У него были теплые руки. Она чувствовала, как он дрожит.

— Почему ты сбежал?

— Я уехал из Дижона с визиготами. Я приехал сюда, я отчаянно хотел обследовать двор калифа и узнать правду про твой Голос. Я подумал, что теперь я могу сделать для тебя только это… — По мокрому лицу Годфри ручьем катились слезы. Он не вытирал лица, не выпускал ее рук. — Я только это и придумал — только это сделать для тебя!

Он больно сжимал ее руки своими жесткими лапищами. Она покрепче ухватилась за него. Сильный ветер дул в открытое окно и вздувал подол вокруг ее голых щиколоток.

— Ты замерзла, — осуждающе молвил Годфри Максимиллиан, — у тебя руки заледенели.

Он засунул ее руки к себе под мышки, в тепло своей одежды, и впервые за все это время взглянул ей в глаза. Веки его увлажнились и покраснели. Она не представляла себе, какое перед ним зрелище: коротко стриженное существо в платье и стальном ошейнике, она не знала, насколько ее лицо заострилось от голода, от потери серебряного водопада волос, короткие волосы подчеркивали лоб, ухо, глаз и шрам — все с резкой отчетливостью.

Ее холодные пальцы начали отходить в тепле, их закололо.

— Что стало с нами? — потребовала она от него. — Что со Львом? Что?

— Не знаю. Я уехал за два дня до битвы…

Он высвободил одну руку, утер лицо, бороду.

Между ними стояли слова, произнесенные им в Дижоне. Аш всей своей холодной кожей чувствовала тепло его тела. Она подняла голову, желая взглянуть ему в лицо. В лицо человека, слабости которого она знала почти все…

Годфри Максимиллиан резко заговорил:

— Когда я высадился здесь, со дня сражения уже прошло десять дней. Я могу сказать тебе только то, что знают все: герцог Карл ранен; цвет бургундского рыцарства пал на поле под Оксоном — но Дижон держится, по-моему; или где-то еще идут сражения. Никто не знает, да и не интересуется одним отрядом наемников. Лев Лазоревый пользуется дурной славой из-за того, что его командир — женщина; но не известно ничего, только незначительные слухи, никому в Карфагене не интересно, уничтожили ли нас всех поголовно, или мы поменяли сторону и сражаемся на стороне Фарис, или бежали; их только одно интересует — чтобы победа была на их стороне. Аш поймала себя на том, что кивает головой.

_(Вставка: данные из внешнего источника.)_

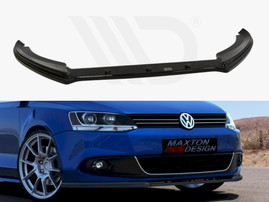 Maxton Design Gloss Black Front Splitter VW Jetta Mk6 Standard Pre-Facelift (2011-2014)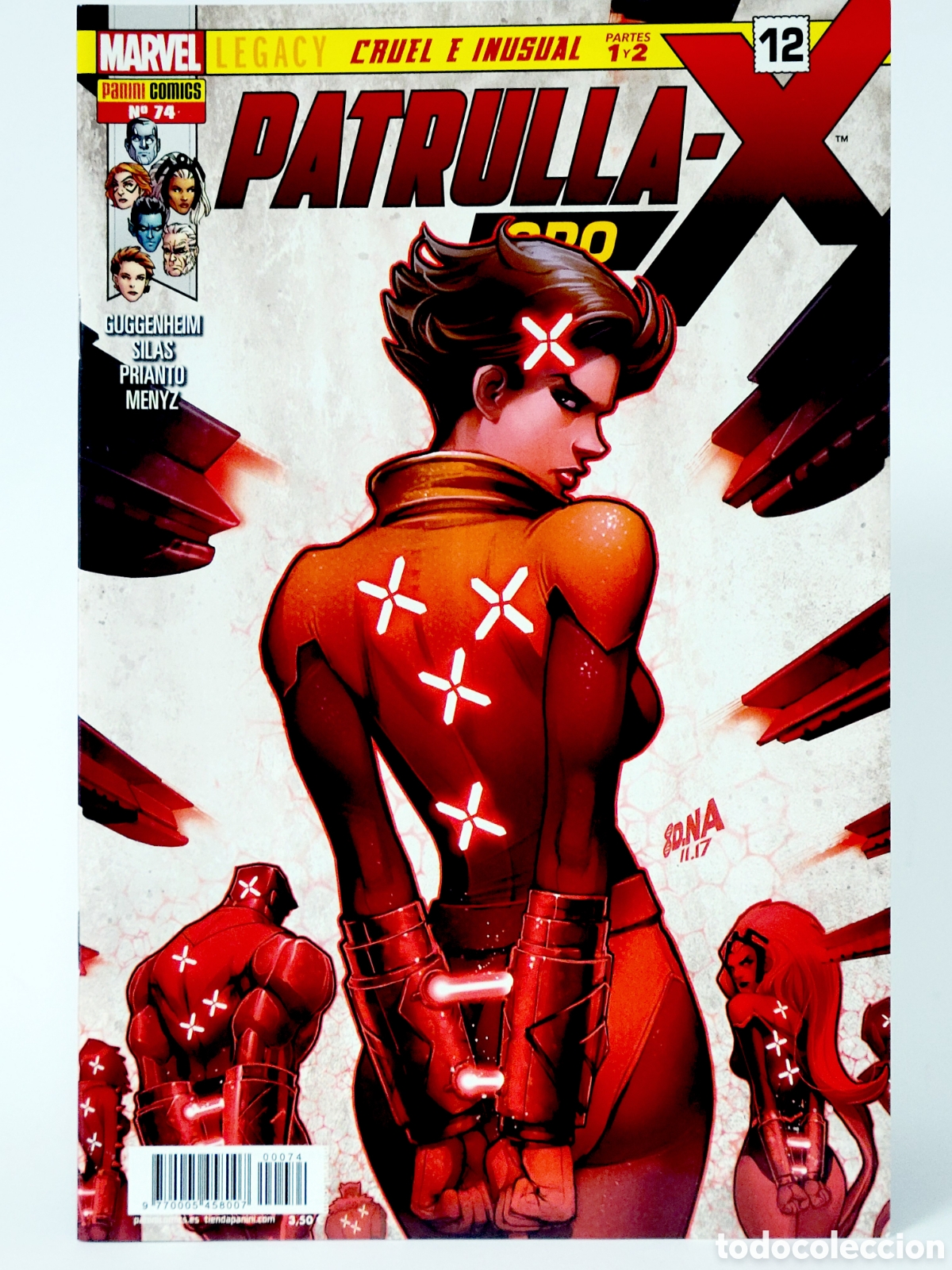 C&oacute;mics: C&Oacute;MIC PATRULLA-X ORO 74 PANINI MARVEL GRAPA DE KIOSCO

— Я старался узнать, — горько добавил Годфри.

Аш еще крепче ухватилась за него, пальцами сжав его ладони, еще теснее приникла к его колючему коричневому шерстяному одеянию. Нет. Если я буду держаться за него, обнимать его, это я для себя, не для него. Не ради него, хотя он хочет меня,

— Ты всегда приходил мне на помощь. И в монастыре Святой Херлены, и в Милане. — У нее потекли горячие слезы. Она вздернула плечом, стирая слезу рукавом рубашки, и снова в изумлении смотрела на него: — Ты меня вовсе не хочешь. Ты просто думаешь, что хочешь. Ты это переживешь. А я подожду, Годфри, потому что не хочу тебя терять. Мы слишком давно знакомы и слишком любим друг друга.